Would it be okay to create another column in our data which would indicate the quartile that person falls into and subsequently add that to the model?
Or is it better to run the model by keeping the variable as continuous, and then use the beta coefficient we find to calculate the hazard ratio by subtracting median values of different quartiles, multiplying them by the beta and exponentiation?
Thank you for your responses.
If your variable of interest is continuous, you almost always lose information by splitting the variable into a categorical effect. The way you lose information is: choosing cutpoints based on the data rather than hypotheses, not borrowing information across adjacent groups, spending more degrees of freedom.

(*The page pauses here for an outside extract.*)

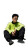 Handsome Chinese Man Vinyl Car Decal Sticker – Waterproof & UV-Resistant 8"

Adjusting for the continuous effect is better in all these respects. This is a general modeling principle that has been recommended in linear, logistic, Cox, and other models.
The interpretation of a continuous variable in a Cox model is: a hazard ratio comparing groups differing by one unit in the variable. The interpretation you give in the second paragraph is the wrong interpretation unless that variable is scaled by it's range * 1.5. I would not recommend doing this. Dividing by range makes the effect a unitless quantity. Laboratory experts who interpret your analyses will be keenly interested to know the scale of effect, because they can well interpret the units, whether they are mmol/dL, mmHg, mg/kg or some other, contextualizing factor.